Il est admis que les États membres qui ne participent pas à l’approfondissement de l’Union économique et monétaire n’entraveront pas ce processus, mais le faciliteront, tandis que ce processus, à l’inverse, respectera les droits et les compétences des États membres non participants. - Conclusions du Conseil européen des 18 et 19 février 2016, Section A (Gouvernance économique).

Toutefois, le texte de l’accord reste vague sur ce point. Après avoir rappelé en préambule que “l’objectif de l’Union consist[ait] à établir, conformément aux traités, une Union économique et monétaire dont la monnaie est l’euro” , il insiste à plusieurs reprises sur le fait que le Royaume-Uni n’est pas (du fait d’exemptions négociées lors du traité de Maastricht) contraint d’adopter l’euro, mais ne saurait non plus en freiner le processus ni participer aux décisions qui ne relèvent que de la zone euro.

Toutefois, l’accord précise effectivement que “Toute discrimination entre personnes physiques ou morales fondée sur la monnaie officielle de l’État membre où elles sont établies ou, le cas échéant, sur la monnaie ayant cours légal dans cet État membre, est interdite.

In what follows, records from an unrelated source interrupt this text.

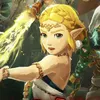 zeldaqueen Small Avatar
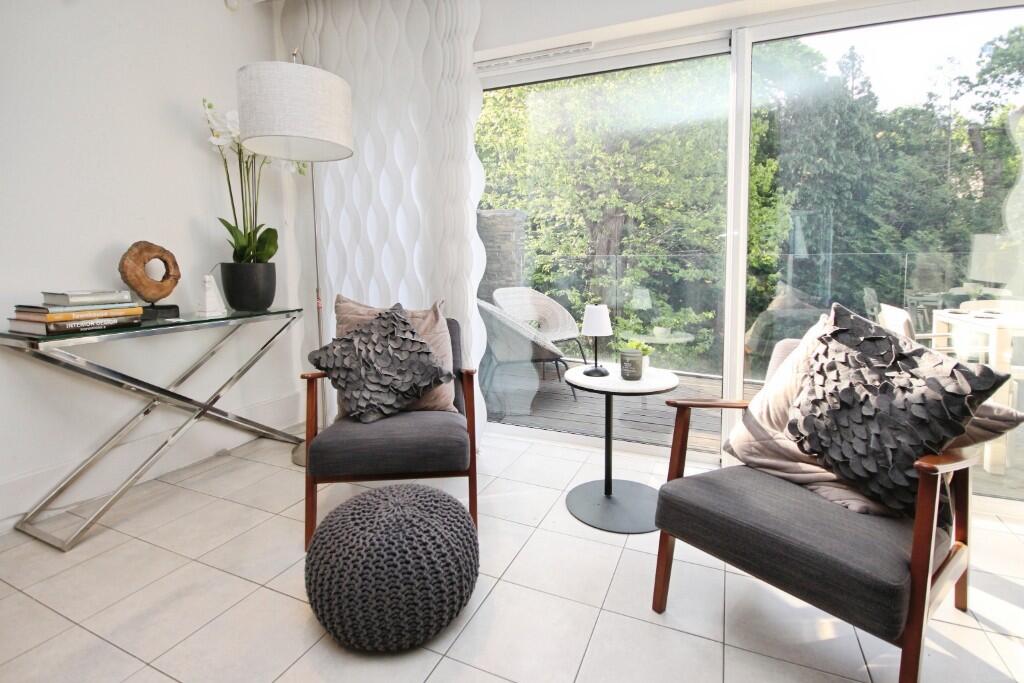 Additional image 18 of Windsor Road, Poole, Dorset, BH14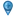 myrouteapp.com icon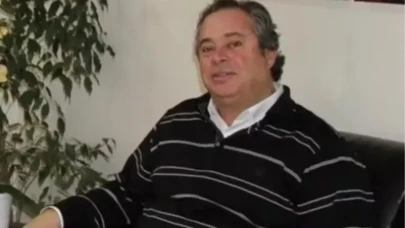 Bifet Gıda Kimin, Sahibi İlko Köse Kimdir, Aslen Nereli, Kaç Yaşında, Serveti? İşte Hayatı ve Başarıları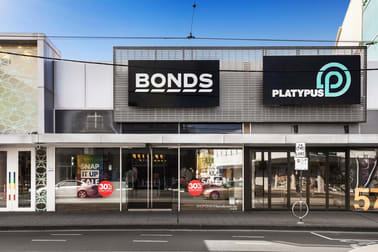 514 Chapel Street South Yarra VIC 3141 - Image 2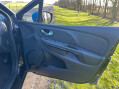 Renault Clio 1.5 dCi Dynamique S MediaNav EDC Euro 5 5dr 19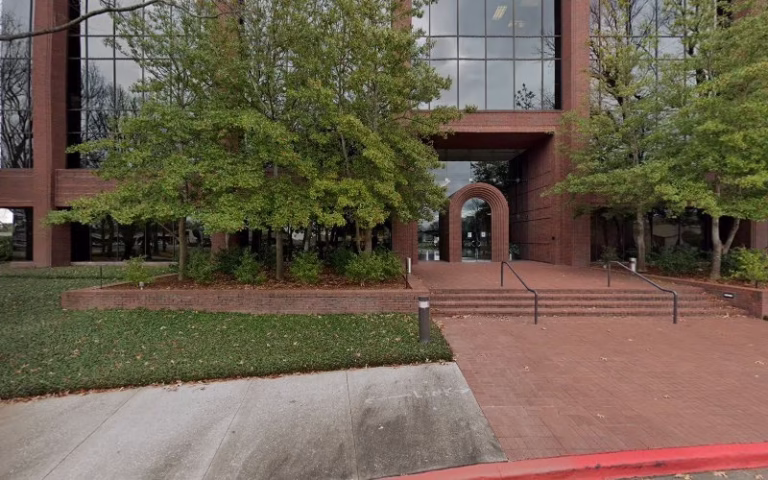 186958 neel schaffer 768x480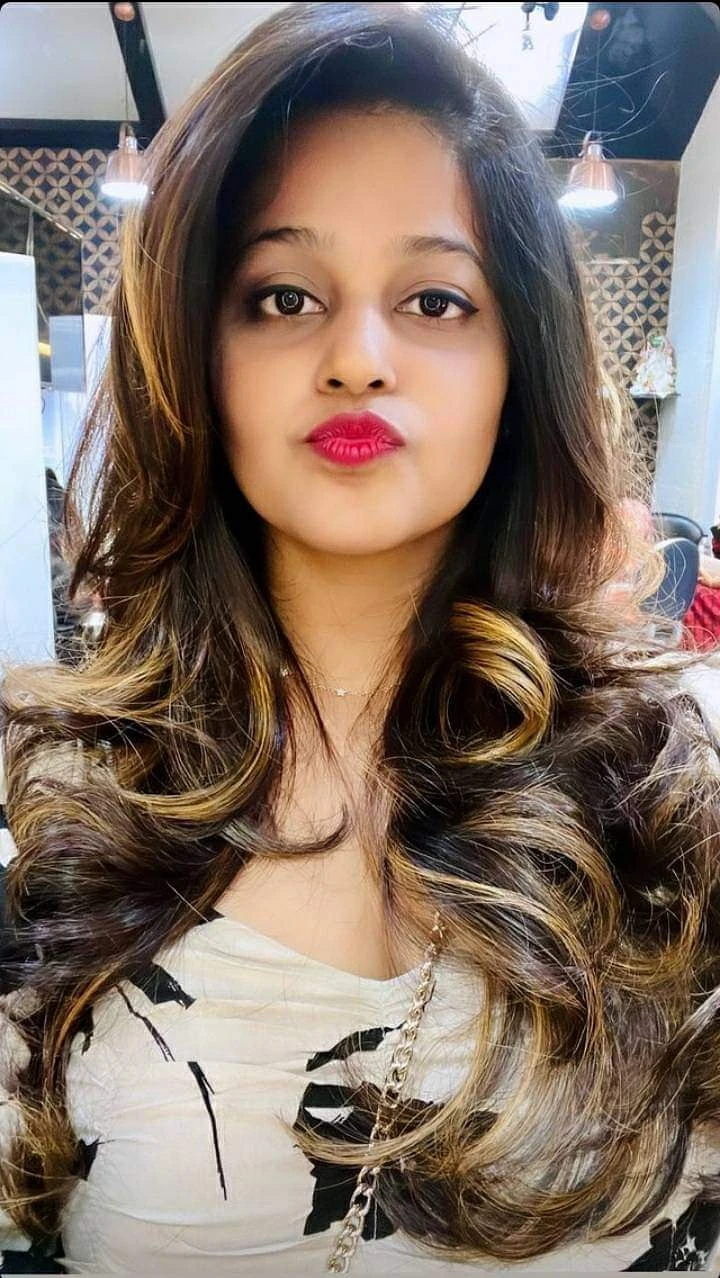 Aditi Alone Need Meeting for Fun – Indian escort in Candolim, Goa — 3 / 6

Toute différence de traitement doit reposer sur des raisons objectives” . Et clarifie le principe déjà à l’oeuvre selon lequel “les mesures d’urgence et de crise destinées à préserver la stabilité financière de la zone euro n’engageront pas la responsabilité budgétaire des États membres dont la monnaie n’est pas l’euro (…)

Un veto des parlements nationaux ?

Dans le cas où les avis motivés sur le non-respect du principe de subsidiarité par un projet d’acte législatif de l’Union, adressés dans un délai de douze semaines à compter de la transmission dudit projet, représentent plus de 55 % des voix attribuées aux parlements nationaux, la présidence du Conseil inscrira la question à l’ordre du jour du Conseil afin que ces avis et les conséquences à en tirer fassent l’objet d’une délibération approfondie. À la suite de cette délibération (…), les représentants des États membres (…) mettront fin à l’examen du projet d’acte législatif en question, sauf si le projet est modifié de manière à tenir compte des préoccupations exprimées dans les avis motivés. - Conclusions du Conseil européen des 18 et 19 février 2016, Section C (Souveraineté).

Le système de “carton rouge” souhaité par le Premier ministre britannique, qui permettrait à un groupement de parlements nationaux d’opposer un veto à toute législation européenne, a été adopté. Mais il resterait complexe à mettre en oeuvre.

Selon l’accord, plusieurs conditions sont requises pour qu’un projet d’acte législatif européen soit abandonné suite à un tel veto des parlements nationaux. Il doit notamment :

  • enfreindre le principe de subsidiarité
  • rencontrer l’opposition de plus de 55% des parlementaires nationaux
  • faire l’objet d’un examen du Conseil de l’Union européenne, qui peut le modifier pour prendre en compte ces oppositions.

Simplifier la réglementation européenne

Enfin, un autre point de l’accord, qui n’a pas fait l’objet de difficiles négociations, rappelle que l’Union européenne doit renforcer le marché intérieur et mettre en place un certain nombre de mesures pour simplifier sa réglementation.

(…) une amélioration de la réglementation (…) suppose de réduire les charges administratives et les coûts de mise en conformité pesant sur les opérateurs économiques, en particulier les petites et moyennes entreprises, et d’abroger les dispositions législatives inutiles ainsi que le prévoit la déclaration de la Commission sur un mécanisme de mise en œuvre de la subsidiarité et un mécanisme de mise en œuvre de la réduction des charges, tout en continuant à assurer des normes élevées en matière de protection des consommateurs, des salariés, de la santé et de l’environnement.” - Conclusions du Conseil européen des 18 et 19 février 2016, Section B (Compétitivité).